Hurt me

A chat with Laura Reese, author of the sexual thriller "Panic Snap."

Published May 26, 2000 7:00PM (EDT)

Laura Reese is the author of "Panic Snap," what some have called an S&M thriller set in the wine country of California. It is about passion, obsession, love and death and has very graphic scenes that feature whipping, harnesses and swings, fist-fucking and other things that are not usually associated with wine tasting.

Reese writes about S&M, but she gets embarrassed talking in front of people and blushes easily. Of course she does. It would have been too perfect if she had met me at the office carrying a leather whip.

She arrives without any implements, but with a friendly smile. She has long, wavy brown hair, lovely blue eyes and the demeanor of someone who was brought up right.
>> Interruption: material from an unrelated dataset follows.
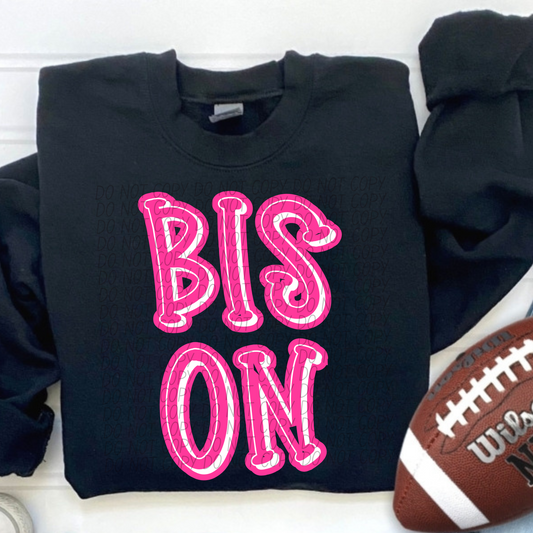 Bison Pink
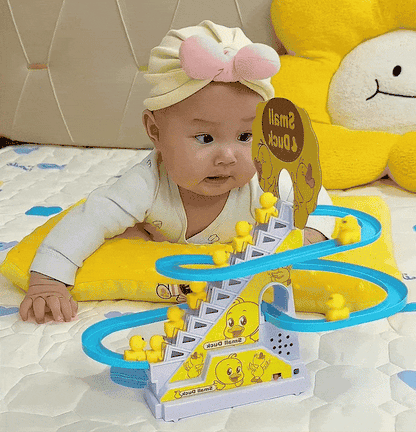 QuackyDuck Climb & Slide Toy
She tells me right off that most of her readers are not in the S&M community; they see the book as a way to learn about what other people do, or just as a good story.

And her background is not in any way filled with violence or chains. She was a reporter in Davis, Calif., ran a couple of restaurants in Southern California and was born in Iowa, of all places. She decided to write as a kid, after reading Nancy Drew. "I thought, maybe I can't be a detective, but I want to be a writer."
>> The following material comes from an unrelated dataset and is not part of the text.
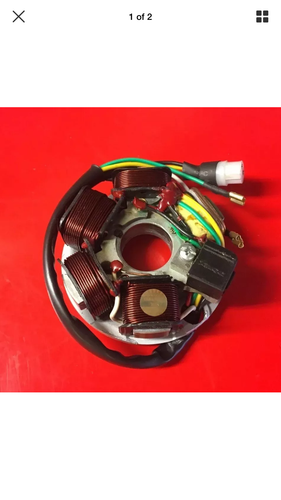 Vespa Disc Stator Plate (pre 2011)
The obvious question is, how do you know so much about S&M? Are you into it?

I decided from the first book ["Topping from Below"] not to answer that. It doesn't make any difference. As a result, because I don't answer, people have written that I was an S&M queen. I am a private person; I don't have a need to tell the world about my private life. A reporter once asked me if I was straight or lesbian. I said, "I'm open-minded."
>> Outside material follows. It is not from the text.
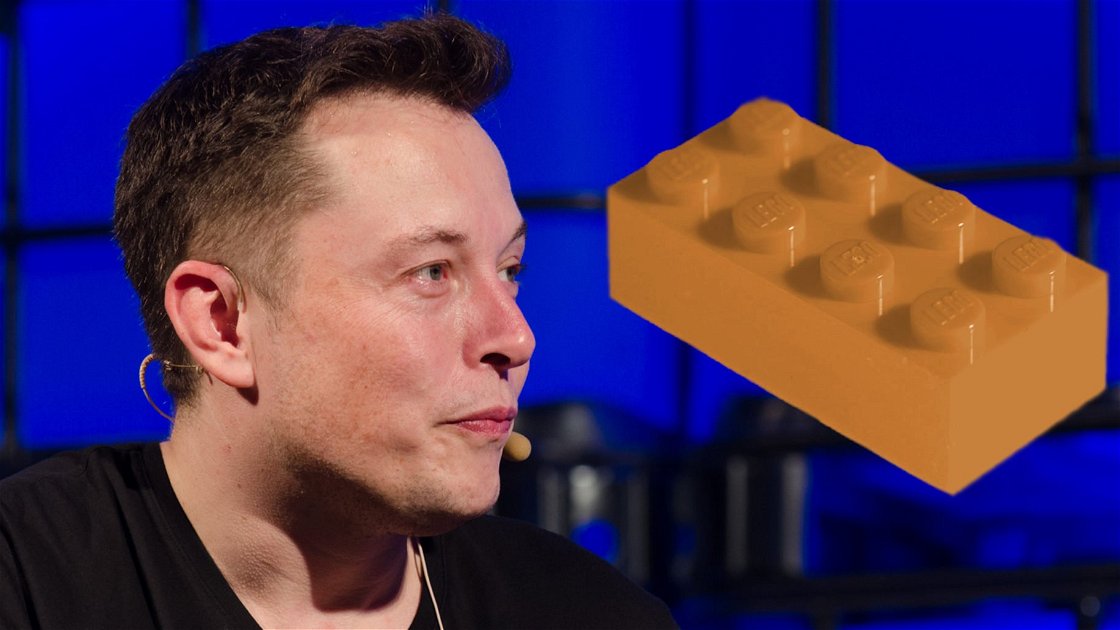 Copertina di Elon Musk e il progetto dei LEGO giganti per costruire case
Does anything embarrass you?

I blush very easily, but not on sex stuff. I can talk or write about anything. It's important not to censor yourself.

Why is sex so important?

This is the 21st century and we're still so puritanical. Parents scream if kids see sex, but not violence. I think we have this attitude that if we talk about sex people will go crazy. I think we need to go back to pagan days and put sex in its place of honor, where it deserves to be.

Is it erotic or porn? What's the difference?

Well, people say that "what I like is erotica, what you like is porn." Erotica may be a little softer, but they're really the same thing. I wouldn't call "Panic Snap" erotica or porn. It's fiction, literature.

Why do people like S&M?

Well, the classic reason is they want someone else to call the shots. There are people who are in charge all day and then they want to say, "Do me." Of course there is the flip side: the prim and proper librarian who brings out the whip. But you can never tell. As Carl Jung said, "Summoned or not, the gods will appear."

Are there a lot of people into this that we don't know about?

In my experience, people say, "Oh no, I'd never do that" about S&M, but then they say, "Oh, occasionally we'll use a blindfold" or "One time we did a little spanking." That's S&M, but there's just a broad spectrum.

Why is S&M so important to people?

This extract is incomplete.